Getting Started

By Dan Anderson and Speedway Illustrated staff

Looking to break into racing without breaking your wallet? There are plenty of choices.

For those who are about to venture from the grandstand into a race car there are several ways to start racing.

 

DIVISIONS

• There are essentially two types of entry-level race cars. Some, like Allison Legacy cars, Xcel Modifieds, Legend cars, and Bandoleros are purpose built race cars built using required components with specific dimensions. The car often remains the same, but divisions are split based on talent and success.

• Other divisions are factory-built cars for highway use that have been modified for racing. Cars for the most entry level types of divisions like this tend to be front-wheel drive four-cylinder ones. These cars allow varying degrees of freedom regarding components and dimensions. Your first race in one of these cars might be against someone who has been winning with the same car for a dozen years.

• You’ll always find people who take whatever division they’re in too seriously. They know the risk of putting a car on the track. Like the old saying goes: Any wreck is at least 50% of each driver’s fault for being out there in the first place. Even so, always try to respect someone’s investment of time and money. And, remember that drivers get hurt at every level, so never retaliate with a car.

• Mini stock classes, like Hornets, have been created with the intent to have fun in an absolute stock front wheel drive car that’s had a roll bar installed.

• Classes like these often race for trophies only.

• To keep expenses down on classes of this type, a claim rule may be in place. A claimer rule means that a component, from a shock to the engine to the entire car can be purchased for a predetermined amount by anyone qualified by the rules. In some classes, the entire car can be claimed in an exchange for $500-$700. The person making the claim may be required to race in the division regularly, he or she may or may not be required finish in a particular position or even race in the class. Know the rules before you go.

• The difference between do-it-yourself and spec cars is easily seen when comparing a dwarf car to a Legends car. While the cars look similar, construction design for dwarf car is left to its builder while Legends cars are relatively identical since they are built in the same factory.

• If there’s something magic to you about the sight of a big American stock car sliding on narrow tires with a small block V8 roaring under the hood and your greatest motivation is just to be out there in the noise and dust and thrills, consider finding a street or hobby stock at your local track.

• There are many entry level classes that use similar components to headlining ones. For instance, IMCA’S Sport Mod uses many of the same parts that their regular modifieds use. Consider a class like this if you know where you want to move up to one day because you’ll be able to bring a lot of your parts with you.

 

EXPENSES

• A decent used entry-level car (for a racing division, not an enduro-type class) can usually be had for as little as $2500 with the motor. After the initial expense, you’ll discover that the old saying about racing being expensive is actually a great misunderstanding: it’s really only as expensive as you make it.

• If you insist on titanium bumpers because they help your effort to win hobby stock races, and you wouldn’t go on the track without every opportunity to do so, then racing will be expensive. If you want to compete for the thrill and pride that comes with being a racer no matter the division, no matter the results, you can keep yourself financially in check.

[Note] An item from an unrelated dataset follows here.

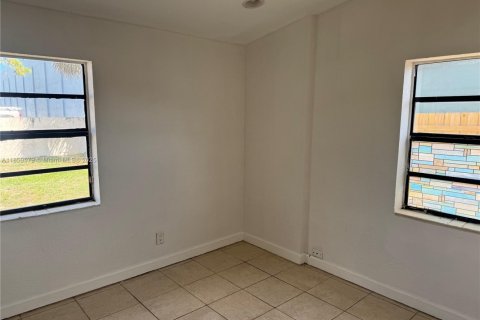 Villa ou maison à vendre à Fort Lauderdale, Floride: 2 chambres, 91.42 m2 № 1889311 - photo 14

• There is more opportunity to spend more than you could and less than you should with a rules-based car at your local track. A rules-based car means the promoter or sanctioning body has come up with a set of guidelines that cars in the division must fall under. They vary from smoke-bellowing four cylinder clunkers to ultra-sleek late models and modifieds.

• You’ll find guys who’ve been racing in each class for years. They have refined the rule package and spent more than you dreamed on their cars. If they can buy four tires a night (typically in the range of $80-$95 per), they’ll often be doing it. If you can accept the reality that experienced guys have resources that you initially won’t and have a long-term goal of eventually racing them for the win, you can get up to speed at your own pace and within your means.

 

SAFETY

• Please review our site for personal, shop, and towing safety precautions. Contact us directly or use any of the manufacturers and sanctioning bodies that have pledged to answer your questions in a no-pressure-for-sales environment that is without judgment for your lack of knowledge. This is not intended as a complete listing, but is designed to help you develop a working understanding of how to look out for yourself.

• All safety gear must be applied properly or it can’t work. A firesuit doused with gasoline won’t help, unsteady jackstands will fall, and a welding helmet that is up won’t protect your vision.

• Be around racing long enough and you’ll know someone whose had a car fall on them in the shop or at the track. Always use properly positioned (steady and sturdy placement) jackstands. Always announce, “Clear!” or “Fingers and Toes” when lowering a car off the stands.

• Many roll bars are 1 ½”, but the majority 1 ¾” diameter. Be sure the car has good welds

• Never underestimate the potential for injury in any class.